Yaro doesn’t advise you to start out that way, though. He said, “I would tell people to do audience research. Back then, for me it started as a hobby and I didn’t necessarily have an eye on starting a business. I didn’t even think of myself as a person who liked to write up until that point. Starting out essentially telling stories about my business was a fun experiment, and I guess you could say the only research I’d done was living seven years being an entrepreneur, having the understanding of what I was trying to achieve over those years. The hard parts… the easy parts… the fun things… the goals… aspirations…”
Yaro’s audience began to grow, and with it his understanding of who he was writing to. He recalled, “Blogging was the only place we could leave comments back then. People would write these long, article-length replies as comments to a blog post, so it was a great place to get that kind of audience feedback… I would get ideas for other blog posts from the comments. The equivalent today of doing the same kind of research… you’d probably do it in a Facebook group or even in the replies to an Instagram picture or whatever platform where your audience is hanging out.”
Since his blog essentially started out as a hobby, I wondered if Yaro had faced any unique challenges or struggles early in his blogging business.
He answered, “I solved the technical issue mostly by then. I went through horrible technical issues in the previous two businesses because I tried to do all the technology myself, so when I started blogging, I had learned to hire someone to do the technology.

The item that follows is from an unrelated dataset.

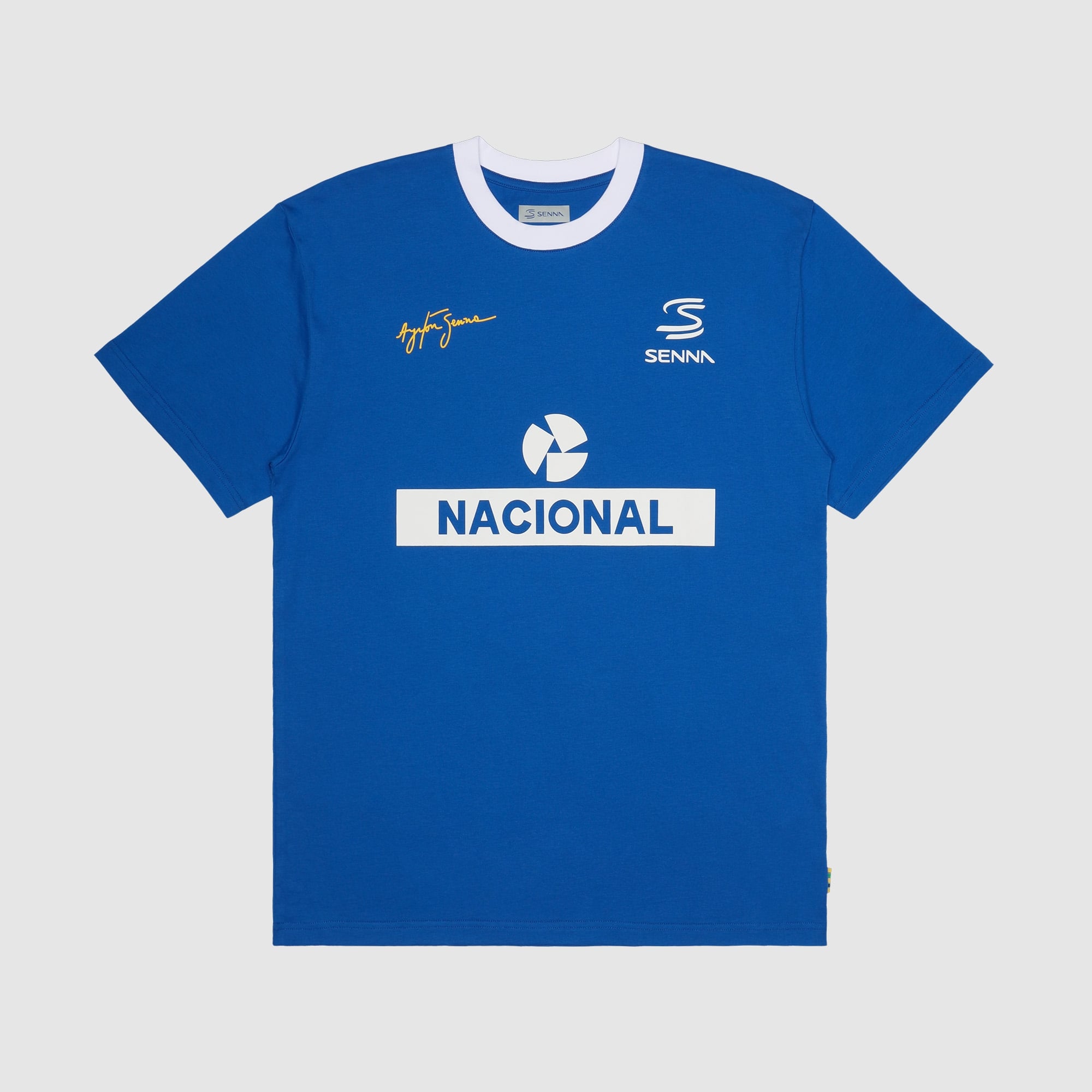 Men's Formula 1 Blue Ayrton Senna Nacional Ringer T-Shirt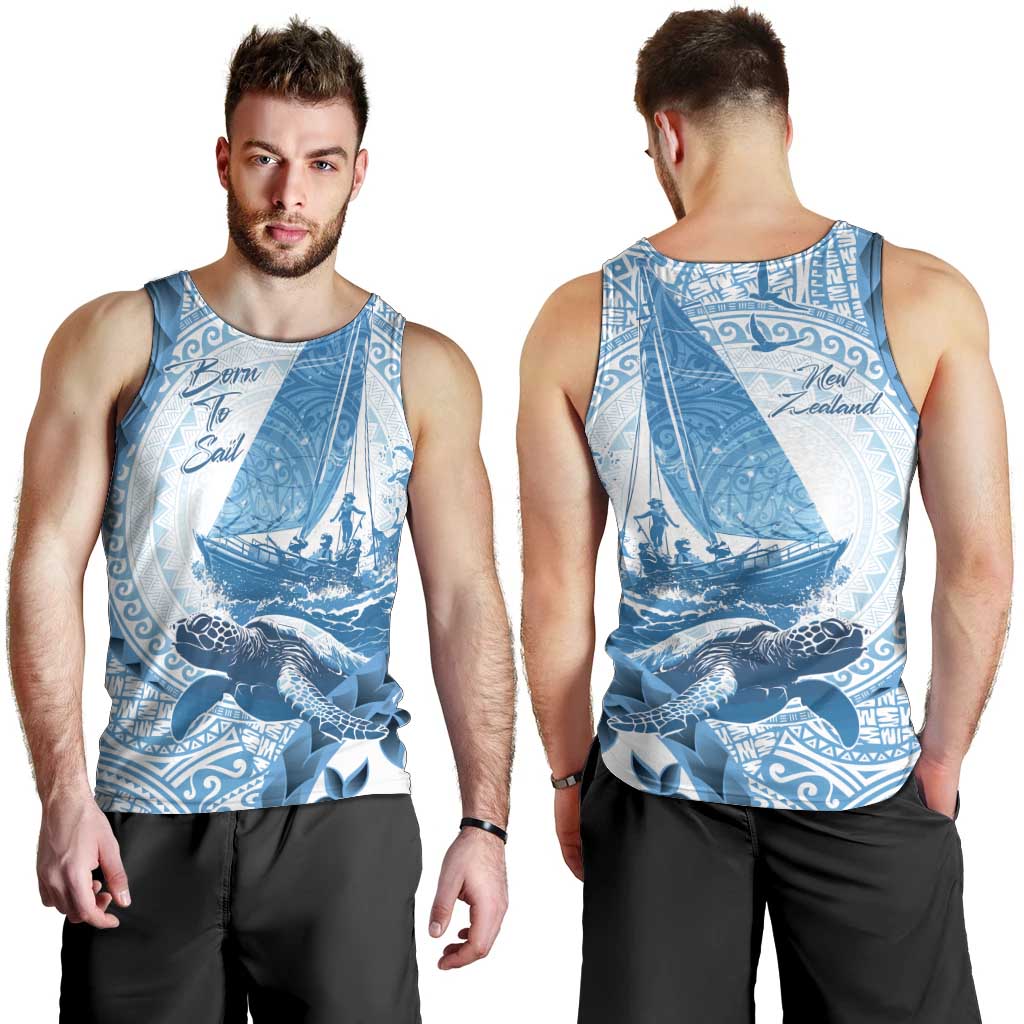 New Zealand Sailing Men Tank Top Aotearoa Yacht Racing - Born To Sail LT14 - Polynesian Pride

For me, it was more of a struggle to find clarity on what I stood for. After six to 12 months, there was an audience there, and I was learning about internet marketing… I was learning about ways people were making money using a platform like a blog, and I was excited by all those things. But I was also trying to figure out my voice… I didn’t exactly have the clarity to know what I had to offer. I didn’t yet know to say, ‘I’m an expert at blogging and I can help you succeed, too.’”
Yaro went on to talk about how he had to figure that out, and then gain the confidence to put that message out there consistently. Finding your clarity — what you hope to accomplish with your blog — early can be a big help to your success. But this can be a struggle.
Yaro explained it like this: “I know from coaching my students, the clarity about who you serve, what problem you help them solve, and how that translates into a business… that’s quite murky to begin with. Finding clarity about who you serve and then being confident enough to believe that people will pay money for the solution you offer… that can be a big hurdle, but it’s more in the mind than anywhere else.”
Next I asked Yaro about that moment in his blogging career when he realized that the potential was really there… that he could make money from a blog.
He answered, “So, I knew that people were making money from ads. I already had made money from ads on that card game website. I’d also seen some contemporary bloggers at the time using things like Google’s AdSense. And I played with Google AdSense on my site. I made like 50 cents a day… so not a path to riches.”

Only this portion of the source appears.